● **What the task asks**
Your job with the data below is to output exactly the lines from the one holding "A La Marc'Quize" down to the one holding "Roger Federer and Mirka Federer children.", both included, and no others.

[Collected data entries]
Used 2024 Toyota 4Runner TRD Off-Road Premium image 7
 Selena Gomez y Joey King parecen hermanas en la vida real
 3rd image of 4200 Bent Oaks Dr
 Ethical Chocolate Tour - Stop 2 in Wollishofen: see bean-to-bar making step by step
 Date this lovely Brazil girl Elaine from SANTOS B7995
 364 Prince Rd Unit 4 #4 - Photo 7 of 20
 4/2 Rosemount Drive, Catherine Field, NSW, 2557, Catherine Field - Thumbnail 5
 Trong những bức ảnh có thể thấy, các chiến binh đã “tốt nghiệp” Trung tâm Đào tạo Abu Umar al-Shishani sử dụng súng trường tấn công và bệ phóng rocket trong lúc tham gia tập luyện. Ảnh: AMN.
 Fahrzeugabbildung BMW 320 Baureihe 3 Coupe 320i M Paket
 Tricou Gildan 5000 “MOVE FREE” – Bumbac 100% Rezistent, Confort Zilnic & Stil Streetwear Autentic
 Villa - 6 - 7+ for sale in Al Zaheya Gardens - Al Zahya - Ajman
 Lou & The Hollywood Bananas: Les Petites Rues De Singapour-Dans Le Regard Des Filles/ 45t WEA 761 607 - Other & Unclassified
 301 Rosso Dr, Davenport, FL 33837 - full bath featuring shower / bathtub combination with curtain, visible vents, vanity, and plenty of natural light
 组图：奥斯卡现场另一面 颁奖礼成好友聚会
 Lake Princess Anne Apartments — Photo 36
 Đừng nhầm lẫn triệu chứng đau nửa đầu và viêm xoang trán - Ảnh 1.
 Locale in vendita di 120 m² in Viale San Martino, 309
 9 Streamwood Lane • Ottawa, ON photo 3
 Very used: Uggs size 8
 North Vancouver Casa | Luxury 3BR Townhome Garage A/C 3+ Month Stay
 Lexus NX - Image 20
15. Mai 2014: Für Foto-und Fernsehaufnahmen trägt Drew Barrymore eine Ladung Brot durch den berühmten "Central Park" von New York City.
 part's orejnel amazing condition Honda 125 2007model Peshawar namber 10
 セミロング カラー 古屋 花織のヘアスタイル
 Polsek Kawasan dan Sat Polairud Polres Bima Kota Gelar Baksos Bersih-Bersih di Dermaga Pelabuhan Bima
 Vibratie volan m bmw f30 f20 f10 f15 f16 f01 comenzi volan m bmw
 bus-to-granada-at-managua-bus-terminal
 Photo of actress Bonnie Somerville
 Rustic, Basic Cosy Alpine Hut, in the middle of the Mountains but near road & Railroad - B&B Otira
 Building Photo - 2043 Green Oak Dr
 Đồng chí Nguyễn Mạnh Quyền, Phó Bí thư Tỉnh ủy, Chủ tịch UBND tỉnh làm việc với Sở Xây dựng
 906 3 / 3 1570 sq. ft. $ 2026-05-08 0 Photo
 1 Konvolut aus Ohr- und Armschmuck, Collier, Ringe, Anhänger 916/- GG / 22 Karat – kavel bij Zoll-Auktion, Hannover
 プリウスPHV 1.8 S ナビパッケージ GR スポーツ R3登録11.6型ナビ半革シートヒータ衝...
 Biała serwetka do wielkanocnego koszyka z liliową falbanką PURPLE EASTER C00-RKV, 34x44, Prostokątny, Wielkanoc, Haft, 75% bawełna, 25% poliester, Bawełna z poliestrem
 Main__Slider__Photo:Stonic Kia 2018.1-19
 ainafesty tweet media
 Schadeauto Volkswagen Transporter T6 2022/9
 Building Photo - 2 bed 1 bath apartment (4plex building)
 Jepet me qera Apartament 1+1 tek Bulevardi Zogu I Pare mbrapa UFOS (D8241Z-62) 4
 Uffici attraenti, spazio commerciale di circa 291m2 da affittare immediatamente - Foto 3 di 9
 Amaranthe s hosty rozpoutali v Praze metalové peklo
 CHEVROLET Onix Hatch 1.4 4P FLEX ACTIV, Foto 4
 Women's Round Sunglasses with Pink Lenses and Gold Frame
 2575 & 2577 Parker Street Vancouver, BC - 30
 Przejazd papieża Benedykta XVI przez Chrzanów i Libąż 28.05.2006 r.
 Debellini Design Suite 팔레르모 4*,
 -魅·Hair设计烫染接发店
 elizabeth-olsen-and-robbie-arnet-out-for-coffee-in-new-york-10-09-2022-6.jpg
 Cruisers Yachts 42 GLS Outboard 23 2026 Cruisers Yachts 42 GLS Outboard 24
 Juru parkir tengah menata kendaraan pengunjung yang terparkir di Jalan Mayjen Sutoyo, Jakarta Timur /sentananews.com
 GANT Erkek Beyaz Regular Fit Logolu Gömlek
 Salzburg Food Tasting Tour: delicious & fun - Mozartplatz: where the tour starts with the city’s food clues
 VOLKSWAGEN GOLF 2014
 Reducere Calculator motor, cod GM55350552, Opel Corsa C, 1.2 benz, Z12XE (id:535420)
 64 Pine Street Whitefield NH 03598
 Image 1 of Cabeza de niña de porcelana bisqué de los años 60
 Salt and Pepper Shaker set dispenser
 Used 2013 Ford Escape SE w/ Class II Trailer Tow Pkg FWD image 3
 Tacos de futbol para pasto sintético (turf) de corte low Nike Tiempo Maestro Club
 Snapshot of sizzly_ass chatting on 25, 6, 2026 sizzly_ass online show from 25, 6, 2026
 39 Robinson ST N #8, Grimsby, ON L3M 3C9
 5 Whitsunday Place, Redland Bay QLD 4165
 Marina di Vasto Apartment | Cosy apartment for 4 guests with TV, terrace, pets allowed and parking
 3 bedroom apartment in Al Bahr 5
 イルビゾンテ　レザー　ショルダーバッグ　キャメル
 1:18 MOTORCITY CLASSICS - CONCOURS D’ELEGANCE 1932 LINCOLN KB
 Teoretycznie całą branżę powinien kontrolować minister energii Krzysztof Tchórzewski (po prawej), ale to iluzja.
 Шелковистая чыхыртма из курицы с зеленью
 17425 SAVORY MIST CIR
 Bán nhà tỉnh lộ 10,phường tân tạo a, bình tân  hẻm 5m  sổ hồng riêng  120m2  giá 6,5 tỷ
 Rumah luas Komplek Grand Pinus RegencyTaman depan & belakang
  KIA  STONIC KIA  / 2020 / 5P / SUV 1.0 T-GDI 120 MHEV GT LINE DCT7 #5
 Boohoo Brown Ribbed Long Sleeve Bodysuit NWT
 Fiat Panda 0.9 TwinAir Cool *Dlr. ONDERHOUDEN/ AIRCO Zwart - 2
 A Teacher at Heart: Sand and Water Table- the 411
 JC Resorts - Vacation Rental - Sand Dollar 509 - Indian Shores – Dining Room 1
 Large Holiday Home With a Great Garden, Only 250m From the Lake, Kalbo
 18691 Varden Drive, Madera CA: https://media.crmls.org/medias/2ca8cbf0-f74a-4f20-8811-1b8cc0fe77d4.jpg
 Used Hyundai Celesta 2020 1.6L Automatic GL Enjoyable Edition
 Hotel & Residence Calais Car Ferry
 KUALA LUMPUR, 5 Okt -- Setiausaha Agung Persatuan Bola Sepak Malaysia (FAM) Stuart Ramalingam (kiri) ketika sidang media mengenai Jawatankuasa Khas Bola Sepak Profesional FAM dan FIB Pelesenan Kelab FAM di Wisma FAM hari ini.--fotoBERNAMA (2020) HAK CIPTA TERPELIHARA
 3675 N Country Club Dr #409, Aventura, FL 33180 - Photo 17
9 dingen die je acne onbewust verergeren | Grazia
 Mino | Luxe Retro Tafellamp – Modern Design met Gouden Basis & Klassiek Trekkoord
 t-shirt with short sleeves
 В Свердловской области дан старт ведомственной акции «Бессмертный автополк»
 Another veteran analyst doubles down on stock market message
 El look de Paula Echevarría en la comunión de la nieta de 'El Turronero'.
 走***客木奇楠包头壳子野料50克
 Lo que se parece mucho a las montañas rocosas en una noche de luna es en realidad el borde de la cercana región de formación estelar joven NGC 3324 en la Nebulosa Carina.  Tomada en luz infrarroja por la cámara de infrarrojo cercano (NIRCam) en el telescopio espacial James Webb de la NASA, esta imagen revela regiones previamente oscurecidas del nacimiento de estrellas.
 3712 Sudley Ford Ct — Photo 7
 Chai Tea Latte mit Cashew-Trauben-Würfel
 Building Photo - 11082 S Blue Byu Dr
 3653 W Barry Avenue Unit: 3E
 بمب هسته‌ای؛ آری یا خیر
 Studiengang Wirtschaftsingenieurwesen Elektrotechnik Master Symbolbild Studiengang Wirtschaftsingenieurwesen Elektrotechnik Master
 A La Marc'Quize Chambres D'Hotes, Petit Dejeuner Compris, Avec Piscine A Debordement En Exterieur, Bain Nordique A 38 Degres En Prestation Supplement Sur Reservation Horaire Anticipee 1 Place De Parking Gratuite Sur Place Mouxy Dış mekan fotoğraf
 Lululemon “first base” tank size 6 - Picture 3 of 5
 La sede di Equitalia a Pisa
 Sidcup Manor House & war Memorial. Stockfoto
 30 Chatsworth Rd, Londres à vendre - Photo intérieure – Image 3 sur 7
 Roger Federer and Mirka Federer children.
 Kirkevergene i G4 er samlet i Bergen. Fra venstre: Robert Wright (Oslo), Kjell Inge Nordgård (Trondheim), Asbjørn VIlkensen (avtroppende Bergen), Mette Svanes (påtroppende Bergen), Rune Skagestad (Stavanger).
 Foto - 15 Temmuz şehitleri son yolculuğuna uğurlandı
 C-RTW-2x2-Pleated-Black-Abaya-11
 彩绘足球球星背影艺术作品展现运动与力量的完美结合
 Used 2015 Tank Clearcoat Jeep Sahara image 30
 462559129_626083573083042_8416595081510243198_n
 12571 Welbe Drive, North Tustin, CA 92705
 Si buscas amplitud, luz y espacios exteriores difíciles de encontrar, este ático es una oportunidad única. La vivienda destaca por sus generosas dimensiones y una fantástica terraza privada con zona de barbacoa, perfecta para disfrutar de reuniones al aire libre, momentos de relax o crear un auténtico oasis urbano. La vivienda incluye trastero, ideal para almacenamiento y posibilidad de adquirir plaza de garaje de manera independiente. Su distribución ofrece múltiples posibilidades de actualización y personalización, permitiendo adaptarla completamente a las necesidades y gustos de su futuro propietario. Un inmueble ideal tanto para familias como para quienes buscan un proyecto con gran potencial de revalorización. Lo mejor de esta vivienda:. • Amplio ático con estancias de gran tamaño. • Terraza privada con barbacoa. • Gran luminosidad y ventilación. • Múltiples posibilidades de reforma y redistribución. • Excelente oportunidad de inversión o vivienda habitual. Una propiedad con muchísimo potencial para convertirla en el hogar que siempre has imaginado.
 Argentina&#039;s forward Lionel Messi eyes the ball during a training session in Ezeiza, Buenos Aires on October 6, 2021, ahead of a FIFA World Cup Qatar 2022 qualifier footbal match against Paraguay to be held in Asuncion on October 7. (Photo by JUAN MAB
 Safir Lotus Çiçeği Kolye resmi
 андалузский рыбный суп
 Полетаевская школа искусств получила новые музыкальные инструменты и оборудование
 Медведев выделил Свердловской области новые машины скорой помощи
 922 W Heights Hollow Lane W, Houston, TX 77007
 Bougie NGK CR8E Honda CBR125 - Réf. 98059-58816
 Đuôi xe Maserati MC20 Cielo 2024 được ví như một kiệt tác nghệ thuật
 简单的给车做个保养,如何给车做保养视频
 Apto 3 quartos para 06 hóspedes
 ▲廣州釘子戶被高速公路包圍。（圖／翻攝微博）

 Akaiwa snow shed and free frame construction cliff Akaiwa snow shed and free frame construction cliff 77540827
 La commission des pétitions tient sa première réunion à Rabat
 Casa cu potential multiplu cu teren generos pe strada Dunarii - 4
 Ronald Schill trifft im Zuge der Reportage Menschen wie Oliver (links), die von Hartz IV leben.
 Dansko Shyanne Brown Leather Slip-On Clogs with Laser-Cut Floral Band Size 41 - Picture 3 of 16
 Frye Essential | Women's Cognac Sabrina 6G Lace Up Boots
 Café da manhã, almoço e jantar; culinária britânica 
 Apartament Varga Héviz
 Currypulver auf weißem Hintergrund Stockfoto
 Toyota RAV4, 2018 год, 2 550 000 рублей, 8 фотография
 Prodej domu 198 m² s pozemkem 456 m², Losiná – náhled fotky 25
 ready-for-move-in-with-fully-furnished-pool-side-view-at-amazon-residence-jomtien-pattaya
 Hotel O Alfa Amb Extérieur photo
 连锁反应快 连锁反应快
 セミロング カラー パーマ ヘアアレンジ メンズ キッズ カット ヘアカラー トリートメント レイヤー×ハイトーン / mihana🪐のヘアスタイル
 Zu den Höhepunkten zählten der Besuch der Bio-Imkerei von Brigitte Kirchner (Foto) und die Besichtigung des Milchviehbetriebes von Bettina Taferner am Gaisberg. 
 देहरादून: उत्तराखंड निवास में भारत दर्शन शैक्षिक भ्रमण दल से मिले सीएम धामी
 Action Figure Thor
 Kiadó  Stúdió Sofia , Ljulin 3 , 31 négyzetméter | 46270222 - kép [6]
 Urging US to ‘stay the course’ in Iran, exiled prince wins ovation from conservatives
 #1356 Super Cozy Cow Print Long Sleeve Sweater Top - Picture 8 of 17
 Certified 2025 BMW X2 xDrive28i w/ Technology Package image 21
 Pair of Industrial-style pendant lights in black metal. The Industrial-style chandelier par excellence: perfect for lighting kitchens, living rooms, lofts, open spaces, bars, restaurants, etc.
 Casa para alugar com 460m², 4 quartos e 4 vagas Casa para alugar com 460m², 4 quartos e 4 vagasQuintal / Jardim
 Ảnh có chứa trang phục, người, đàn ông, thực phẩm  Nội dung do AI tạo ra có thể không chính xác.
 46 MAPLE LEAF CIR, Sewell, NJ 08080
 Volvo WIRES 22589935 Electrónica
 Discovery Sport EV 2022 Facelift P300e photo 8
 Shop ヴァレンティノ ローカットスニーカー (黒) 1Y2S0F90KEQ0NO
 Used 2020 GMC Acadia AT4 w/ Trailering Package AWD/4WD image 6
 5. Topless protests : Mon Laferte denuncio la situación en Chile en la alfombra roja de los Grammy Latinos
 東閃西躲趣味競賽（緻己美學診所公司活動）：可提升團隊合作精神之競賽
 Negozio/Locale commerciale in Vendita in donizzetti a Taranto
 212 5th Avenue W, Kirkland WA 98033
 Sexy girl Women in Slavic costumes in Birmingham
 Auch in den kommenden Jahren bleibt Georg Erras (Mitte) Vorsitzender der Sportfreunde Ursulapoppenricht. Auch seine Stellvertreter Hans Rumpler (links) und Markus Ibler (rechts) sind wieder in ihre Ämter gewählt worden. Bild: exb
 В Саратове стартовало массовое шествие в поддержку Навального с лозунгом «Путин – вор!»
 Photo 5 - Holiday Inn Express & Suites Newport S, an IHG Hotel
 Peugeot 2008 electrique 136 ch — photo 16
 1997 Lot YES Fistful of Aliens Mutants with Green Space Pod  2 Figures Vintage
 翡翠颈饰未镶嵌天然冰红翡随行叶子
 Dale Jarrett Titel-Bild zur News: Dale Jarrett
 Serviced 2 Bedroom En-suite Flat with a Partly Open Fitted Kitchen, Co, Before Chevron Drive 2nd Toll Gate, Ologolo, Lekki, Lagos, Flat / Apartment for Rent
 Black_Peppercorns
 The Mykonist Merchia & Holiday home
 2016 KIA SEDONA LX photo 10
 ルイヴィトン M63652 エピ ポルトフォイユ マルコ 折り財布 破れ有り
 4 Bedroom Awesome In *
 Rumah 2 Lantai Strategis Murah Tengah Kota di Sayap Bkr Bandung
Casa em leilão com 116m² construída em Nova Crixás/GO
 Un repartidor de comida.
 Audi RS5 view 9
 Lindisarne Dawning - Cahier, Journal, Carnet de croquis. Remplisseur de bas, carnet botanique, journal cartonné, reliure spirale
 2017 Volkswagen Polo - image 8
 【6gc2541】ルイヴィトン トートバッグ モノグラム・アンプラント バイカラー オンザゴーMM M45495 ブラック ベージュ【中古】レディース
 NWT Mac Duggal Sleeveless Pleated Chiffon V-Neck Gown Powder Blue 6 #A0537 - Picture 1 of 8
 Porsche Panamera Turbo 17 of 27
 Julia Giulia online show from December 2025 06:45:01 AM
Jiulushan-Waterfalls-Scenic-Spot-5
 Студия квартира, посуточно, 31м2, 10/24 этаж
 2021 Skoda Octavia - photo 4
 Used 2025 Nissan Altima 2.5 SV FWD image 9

● **Answer**
 A La Marc'Quize Chambres D'Hotes, Petit Dejeuner Compris, Avec Piscine A Debordement En Exterieur, Bain Nordique A 38 Degres En Prestation Supplement Sur Reservation Horaire Anticipee 1 Place De Parking Gratuite Sur Place Mouxy Dış mekan fotoğraf
 Lululemon “first base” tank size 6 - Picture 3 of 5
 La sede di Equitalia a Pisa
 Sidcup Manor House & war Memorial. Stockfoto
 30 Chatsworth Rd, Londres à vendre - Photo intérieure – Image 3 sur 7
 Roger Federer and Mirka Federer children.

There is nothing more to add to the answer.